Parallel Stream File Parsing with ray.io #260

kmdalton · 2024-06-19T15:34:57Z

This PR adds support for faster stream file parsing which is parallelized using the ray. I did not add ray as a dependency for users, so the code falls back to serial python when it is not available.

…p into parstream

for more information, see https://pre-commit.ci

JBGreisman · 2024-06-19T20:41:01Z

This all looks good to me, but I'd like to play with it a bit more before merging. I think I agree with making ray an optional dependency, but I don't think I like adding it to tests_require -- seems like a hacky solution.

What are your thoughts on us adding an explicit parallel_require=["ray"], that is added to [dev] and maybe a new [parallel] pip option that only adds on the ray extra requirement?

kmdalton · 2024-06-20T19:24:49Z

I'm happy to defer to your preferences regarding requirements. I don't have strong feelings as long as we make it easy for users to figure out how to get parallelism. I am not yet familiar enough with ray to know how nicely it plays with other packages. So far it seems very promising.

kmdalton · 2024-06-21T16:00:48Z

@marinegor , would you be willing to test out this branch for us?

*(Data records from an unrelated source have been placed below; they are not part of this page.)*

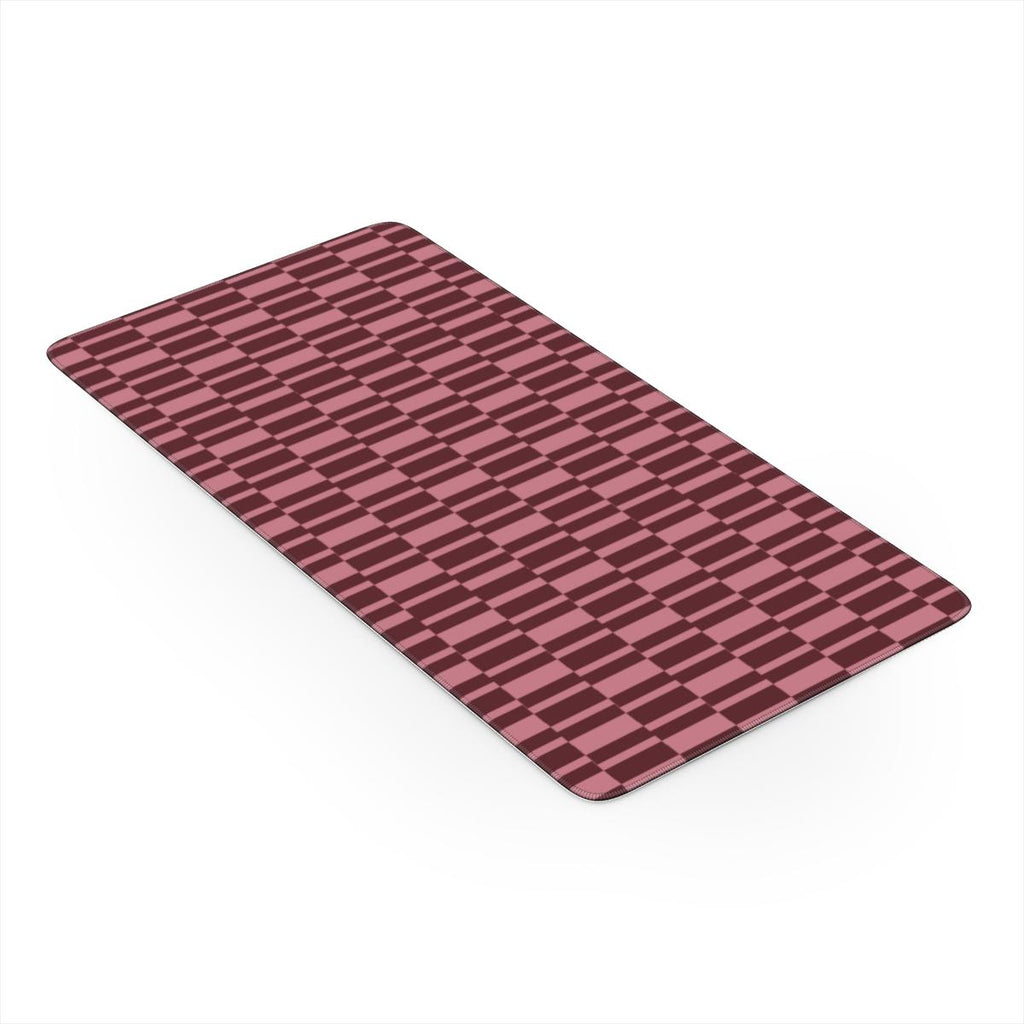 Abstract Check Rose Maroon Desk Mat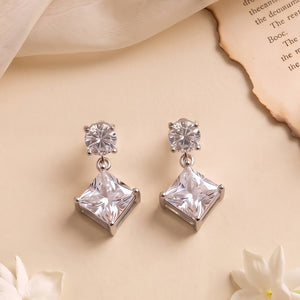 925 silver solitaire drop earrings - earrings category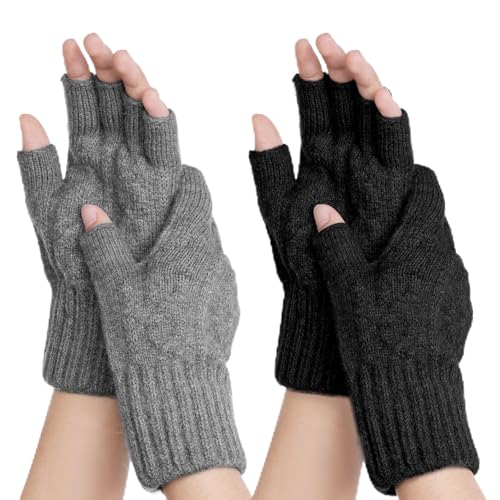 cnomg 2 Pairs Fingerless Gloves for Women Men Half Finger Winter Knitted Gloves for Typing Driving Biking Working Running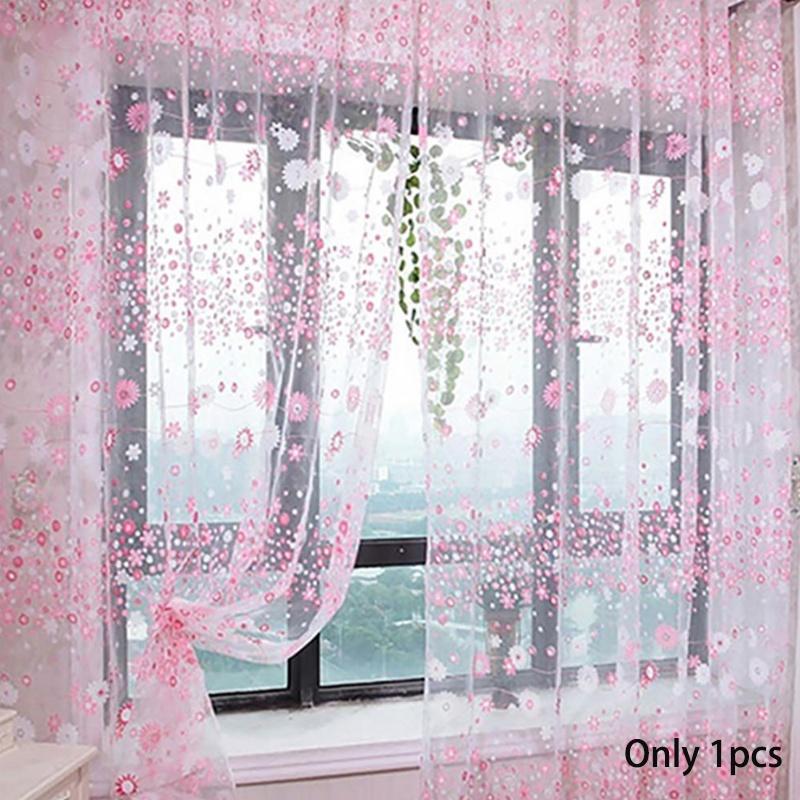 Country Style Floral Print Curtains Decorative Sheer Tulle Multiple Colors 106/79in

marinegor · 2024-06-21T18:02:11Z

@kmdalton sure, I can have a look! what kind of testing are you thinking, could you elaborate? I imagine you want to make sure that your parser produces same results as the previous one, right?

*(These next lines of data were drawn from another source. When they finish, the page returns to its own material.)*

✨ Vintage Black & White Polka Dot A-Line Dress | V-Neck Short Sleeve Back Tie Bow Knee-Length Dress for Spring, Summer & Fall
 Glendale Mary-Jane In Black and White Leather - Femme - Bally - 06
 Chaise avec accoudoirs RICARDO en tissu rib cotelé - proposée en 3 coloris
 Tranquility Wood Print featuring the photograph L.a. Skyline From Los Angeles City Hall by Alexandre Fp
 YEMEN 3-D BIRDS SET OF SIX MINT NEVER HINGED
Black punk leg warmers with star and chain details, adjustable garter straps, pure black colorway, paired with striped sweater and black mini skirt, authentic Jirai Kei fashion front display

kmdalton · 2024-06-21T18:26:21Z

Thank you! I don't have access to a lot of stream files, and I have noticed there can be some differences in the metadata between files. Mostly I want to make sure I'm not missing anything which will break the parser for some edge cases. Additionally, I would hope you could let us know

Whether it is reasonably that it requires an additional dependency, ray, in order to run in parallel
Whether the read_crystfel and the StreamLoader class are adequately documented
Whether the parser runs in parallel as expected
Whether the parser has reasonable memory usage relative to the original implementation
Whether it generates the expected output

for more information, see https://pre-commit.ci

…p into parstream

DHekstra · 2024-06-25T03:16:49Z

$ conda install -c conda-forge "ray-default"

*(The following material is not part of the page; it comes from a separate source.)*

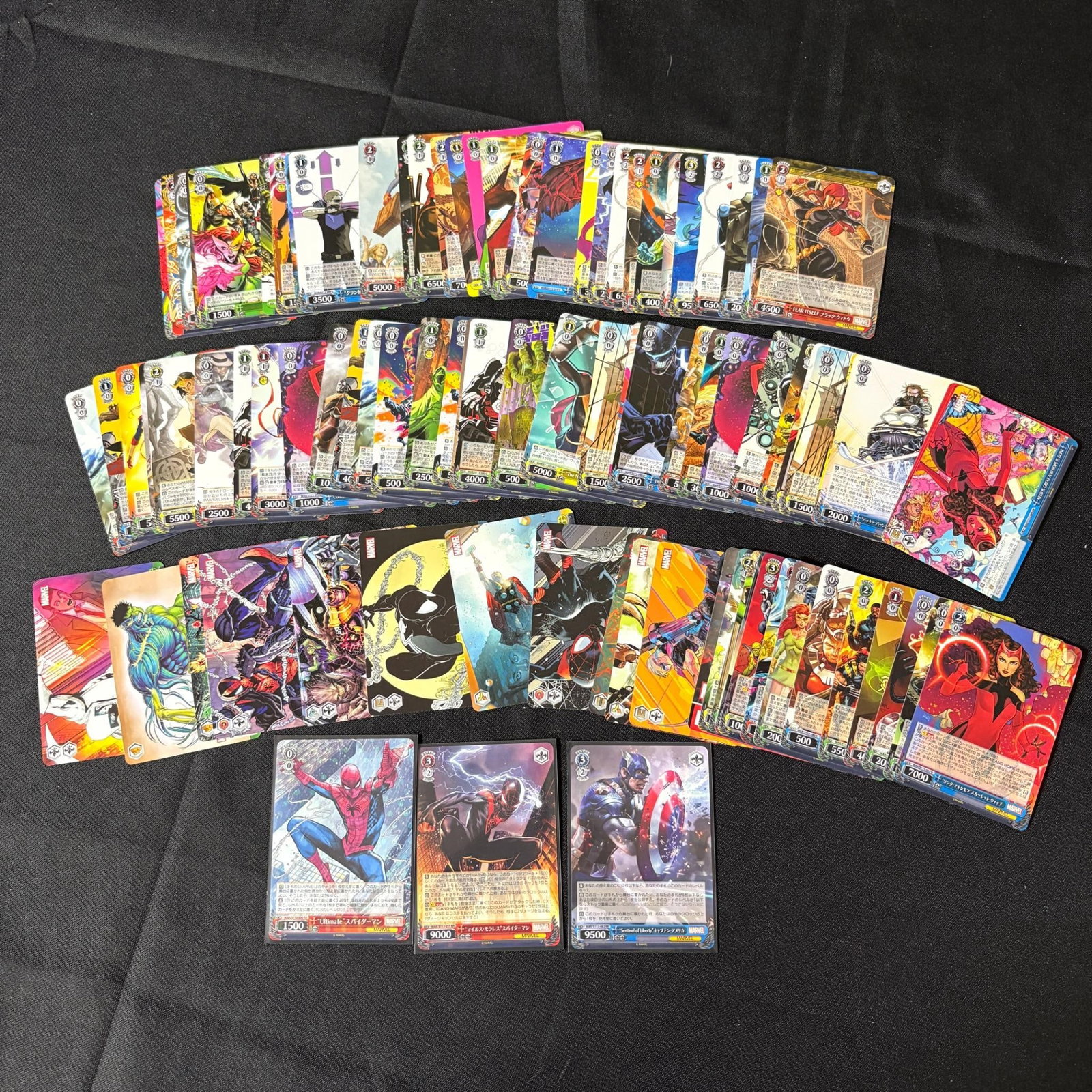 Weiss Schwarz Marvel Trading Cards, w/ Foils: All items are sold as is. Please look at pictures carefully to determine what you believe are the condition of each lot. By choosing which card to use to register to bid, you authorize us to use the c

fails for me like this in a fresh conda environment in which I (tried and maybe failed) to use your careless install script:

Channels:
 - conda-forge
 - defaults
Platform: linux-64
Collecting package metadata (repodata.json): done
Solving environment: failed

LibMambaUnsatisfiableError: Encountered problems while solving:
  - nothing provides _python_rc needed by python-3.12.0rc3-rc3_hab00c5b_1_cpython

Could not solve for environment specs
The following packages are incompatible
├─ python 3.12**  is installable with the potential options
│  ├─ python [3.12.0|3.12.1|3.12.2|3.12.3|3.12.4], which can be installed;
│  ├─ python [3.12.0|3.12.1|3.12.2|3.12.3|3.12.4] would require
│  │  └─ python_abi 3.12.* *_cp312, which can be installed;
│  └─ python 3.12.0rc3 would require
│     └─ _python_rc, which does not exist (perhaps a missing channel);
└─ ray-default is not installable because there are no viable options
   ├─ ray-default [1.10.0|1.11.0|...|2.0.0] would require
   │  ├─ python >=3.7,<3.8.0a0 , which conflicts with any installable versions previously reported;
   │  └─ python_abi 3.7.* *_cp37m, which conflicts with any installable versions previously reported;
   ├─ ray-default [1.10.0|1.11.0|...|2.9.3] would require
   │  ├─ python >=3.8,<3.9.0a0 , which conflicts with any installable versions previously reported;
   │  └─ python_abi 3.8.* *_cp38, which conflicts with any installable versions previously reported;
   ├─ ray-default [1.10.0|1.11.0|...|2.9.3] would require
   │  ├─ python >=3.9,<3.10.0a0 , which conflicts with any installable versions previously reported;
   │  └─ python_abi 3.9.* *_cp39, which conflicts with any installable versions previously reported;
   ├─ ray-default [1.13.0|2.0.0|...|2.9.3] would require
   │  ├─ python >=3.10,<3.11.0a0 , which conflicts with any installable versions previously reported;
   │  └─ python_abi 3.10.* *_cp310, which conflicts with any installable versions previously reported;
   ├─ ray-default [1.5.0|1.5.1|1.5.2|1.6.0] would require
   │  ├─ python >=3.6,<3.7.0a0 , which conflicts with any installable versions previously reported;
   │  └─ python_abi 3.6.* *_cp36m, which conflicts with any installable versions previously reported;
   ├─ ray-default [2.10.0|2.11.0|...|2.9.3] would require
   │  ├─ python >=3.11,<3.12.0a0 , which conflicts with any installable versions previously reported;
   │  └─ python_abi 3.11.* *_cp311, which conflicts with any installable versions previously reported;
   ├─ ray-default 2.8.0 would require
   │  └─ ray-core 2.8.0 py38h1702d6c_1, which does not exist (perhaps a missing channel);
   ├─ ray-default [1.6.0|1.9.2|2.0.1] would require
   │  └─ python >=3.7,<3.8.0a0 , which conflicts with any installable versions previously reported;
   ├─ ray-default [1.6.0|1.9.2|2.0.1|2.3.0|2.6.3] would require
   │  └─ python >=3.8,<3.9.0a0 , which conflicts with any installable versions previously reported;
   ├─ ray-default [1.6.0|1.9.2|2.0.1|2.3.0|2.6.3] would require
   │  └─ python >=3.9,<3.10.0a0 , which conflicts with any installable versions previously reported;
   ├─ ray-default [2.0.1|2.3.0|2.6.3] would require
   │  └─ python >=3.10,<3.11.0a0 , which conflicts with any installable versions previously reported;
   └─ ray-default 2.6.3 would require
      └─ python >=3.11,<3.12.0a0 , which conflicts with any installable versions previously reported.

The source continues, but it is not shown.